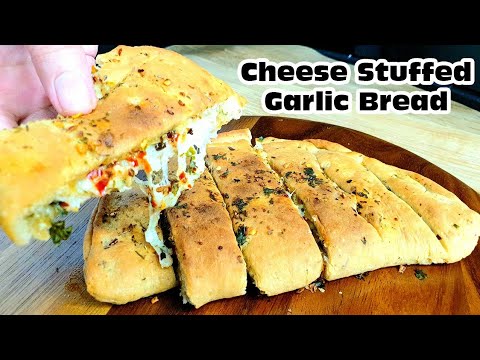 Cheese Stuffed Garlic Bread at home l Cooking with Benazir - YouTube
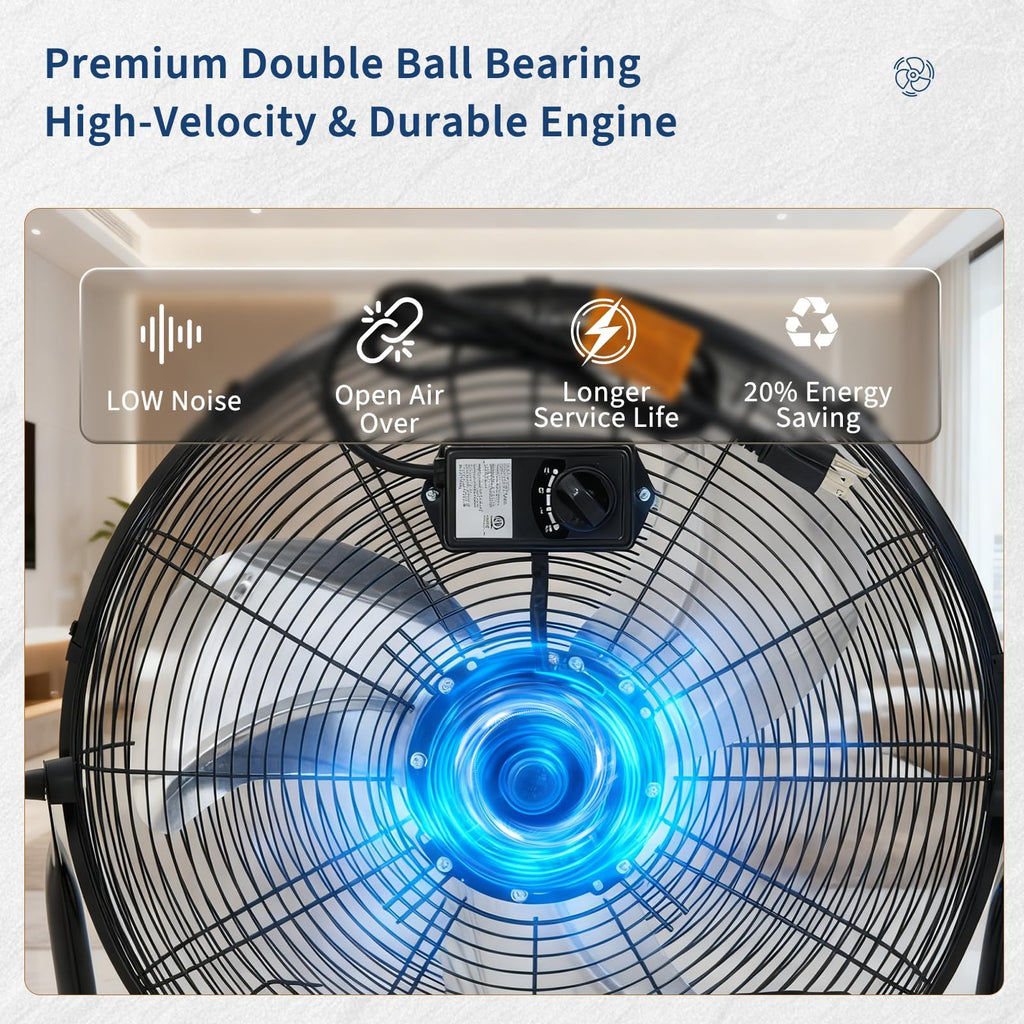 18 Inch 3 Speeds Metal Floor Fan J2228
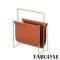 Fabulaxe Magazine Holder and Rack for Desktop, Home Office, Living Room, Waiting Areas, Farmhouse File QI004739 - alternate 10
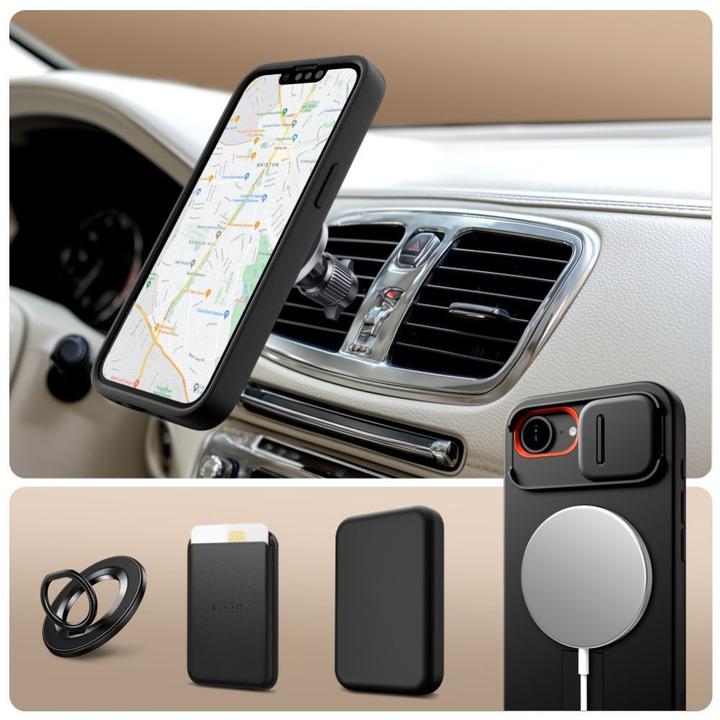 Produktbild Tech-Protect Kevlar Aura MagSafe Case für iPhone 16e - Schwarz (Apple iPhone 16e)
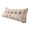 A, variant on Leeye Lumbar Pillow Bed Backrest Bolster Sofa Daybed Upholstered Headboard Back Neck Comfort Relaxation for Couch Bedroom Living Room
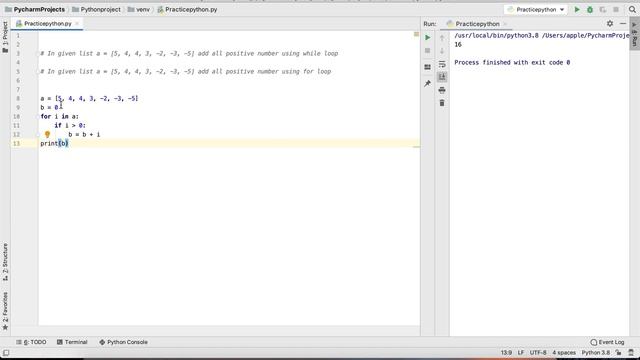 Python Practice Series 9 | Beginners | Level 1 | Basic | Add Positive Number of List Using for Loop смотреть онлайн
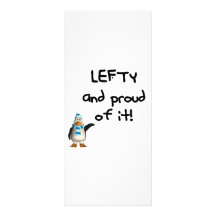 Lefty and Proud of it! Left handed funny sayings Personalized Rack Card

INSTRUCTIONS FOR THE TASK: Give back all of the entries verbatim, but without pictures.

RESPONSE TO THE TASK:
 Cheese Stuffed Garlic Bread at home l Cooking with Benazir - YouTube
 18 Inch 3 Speeds Metal Floor Fan J2228
 Fabulaxe Magazine Holder and Rack for Desktop, Home Office, Living Room, Waiting Areas, Farmhouse File QI004739 - alternate 10
 Produktbild Tech-Protect Kevlar Aura MagSafe Case für iPhone 16e - Schwarz (Apple iPhone 16e)
 A, variant on Leeye Lumbar Pillow Bed Backrest Bolster Sofa Daybed Upholstered Headboard Back Neck Comfort Relaxation for Couch Bedroom Living Room
 Python Practice Series 9 | Beginners | Level 1 | Basic | Add Positive Number of List Using for Loop смотреть онлайн
 Lefty and Proud of it! Left handed funny sayings Personalized Rack Card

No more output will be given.